* **Problem details**: The required output is the exact run of lines below that opens at the line with "Horse Color:Chestnut" and closes at the line with "EFI-criatorio-pestana (23)".

[Data items]

------------------------------------------------------------------------

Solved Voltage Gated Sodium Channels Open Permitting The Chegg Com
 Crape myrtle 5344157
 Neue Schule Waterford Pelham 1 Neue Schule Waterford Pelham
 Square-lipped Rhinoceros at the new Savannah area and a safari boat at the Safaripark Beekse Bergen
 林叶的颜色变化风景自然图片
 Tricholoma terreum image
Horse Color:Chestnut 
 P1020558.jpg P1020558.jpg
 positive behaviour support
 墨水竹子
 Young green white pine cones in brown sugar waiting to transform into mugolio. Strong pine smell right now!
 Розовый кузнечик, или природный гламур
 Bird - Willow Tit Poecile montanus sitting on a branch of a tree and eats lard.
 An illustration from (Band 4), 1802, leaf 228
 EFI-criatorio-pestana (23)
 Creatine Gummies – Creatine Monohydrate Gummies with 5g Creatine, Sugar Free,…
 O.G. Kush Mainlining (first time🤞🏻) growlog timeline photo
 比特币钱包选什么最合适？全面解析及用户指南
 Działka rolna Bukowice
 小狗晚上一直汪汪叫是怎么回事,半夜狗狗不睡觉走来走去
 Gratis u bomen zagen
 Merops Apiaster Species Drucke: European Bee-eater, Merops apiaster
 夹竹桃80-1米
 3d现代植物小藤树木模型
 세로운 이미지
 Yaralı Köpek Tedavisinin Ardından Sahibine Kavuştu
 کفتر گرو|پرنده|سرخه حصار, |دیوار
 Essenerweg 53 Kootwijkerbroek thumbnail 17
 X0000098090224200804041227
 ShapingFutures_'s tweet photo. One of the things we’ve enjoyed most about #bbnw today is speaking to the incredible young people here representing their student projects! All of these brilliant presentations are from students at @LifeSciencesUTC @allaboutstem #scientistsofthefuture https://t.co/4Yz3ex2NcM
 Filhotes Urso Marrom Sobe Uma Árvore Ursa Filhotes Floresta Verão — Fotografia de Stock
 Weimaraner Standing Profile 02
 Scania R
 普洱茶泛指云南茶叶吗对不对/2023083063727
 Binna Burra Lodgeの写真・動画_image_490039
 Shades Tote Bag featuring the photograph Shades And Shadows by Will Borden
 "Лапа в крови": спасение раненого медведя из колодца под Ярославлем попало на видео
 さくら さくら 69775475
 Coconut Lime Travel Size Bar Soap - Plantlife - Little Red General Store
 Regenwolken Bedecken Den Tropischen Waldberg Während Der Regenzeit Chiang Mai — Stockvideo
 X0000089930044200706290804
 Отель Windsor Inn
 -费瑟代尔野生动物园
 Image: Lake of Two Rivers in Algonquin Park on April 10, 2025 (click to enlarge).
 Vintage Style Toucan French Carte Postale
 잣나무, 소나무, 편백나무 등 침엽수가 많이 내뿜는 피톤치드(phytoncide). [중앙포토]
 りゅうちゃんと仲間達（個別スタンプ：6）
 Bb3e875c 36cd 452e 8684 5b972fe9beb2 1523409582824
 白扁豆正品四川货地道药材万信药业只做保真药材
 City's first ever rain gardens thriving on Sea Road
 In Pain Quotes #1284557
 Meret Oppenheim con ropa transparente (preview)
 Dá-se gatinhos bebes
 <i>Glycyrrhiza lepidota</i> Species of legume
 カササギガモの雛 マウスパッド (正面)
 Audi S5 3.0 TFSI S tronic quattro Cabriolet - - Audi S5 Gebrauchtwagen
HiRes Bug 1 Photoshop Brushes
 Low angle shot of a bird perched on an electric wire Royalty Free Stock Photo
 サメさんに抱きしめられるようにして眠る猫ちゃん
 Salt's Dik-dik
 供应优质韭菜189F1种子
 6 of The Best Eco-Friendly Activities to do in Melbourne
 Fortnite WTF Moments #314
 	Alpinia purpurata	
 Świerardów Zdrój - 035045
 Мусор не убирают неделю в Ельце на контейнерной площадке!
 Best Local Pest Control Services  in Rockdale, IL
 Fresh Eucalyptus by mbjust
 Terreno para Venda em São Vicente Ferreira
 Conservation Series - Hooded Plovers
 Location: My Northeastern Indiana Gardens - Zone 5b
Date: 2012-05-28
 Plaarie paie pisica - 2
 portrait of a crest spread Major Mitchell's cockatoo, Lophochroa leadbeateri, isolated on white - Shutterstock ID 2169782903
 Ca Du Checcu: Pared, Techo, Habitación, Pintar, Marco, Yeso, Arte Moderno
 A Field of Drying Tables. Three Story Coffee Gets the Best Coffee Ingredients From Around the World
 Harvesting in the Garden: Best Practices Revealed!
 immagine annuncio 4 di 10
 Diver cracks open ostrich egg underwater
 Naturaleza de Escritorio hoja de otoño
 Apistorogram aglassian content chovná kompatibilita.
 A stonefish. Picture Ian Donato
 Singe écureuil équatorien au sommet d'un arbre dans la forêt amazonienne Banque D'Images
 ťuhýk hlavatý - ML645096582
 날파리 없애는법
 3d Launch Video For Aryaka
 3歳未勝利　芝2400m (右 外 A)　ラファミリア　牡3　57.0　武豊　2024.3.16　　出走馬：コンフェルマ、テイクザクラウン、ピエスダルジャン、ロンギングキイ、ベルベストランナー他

------------------------------------------------------------------------

* **Solution**:
Horse Color:Chestnut 
 P1020558.jpg P1020558.jpg
 positive behaviour support
 墨水竹子
 Young green white pine cones in brown sugar waiting to transform into mugolio. Strong pine smell right now!
 Розовый кузнечик, или природный гламур
 Bird - Willow Tit Poecile montanus sitting on a branch of a tree and eats lard.
 An illustration from (Band 4), 1802, leaf 228
 EFI-criatorio-pestana (23)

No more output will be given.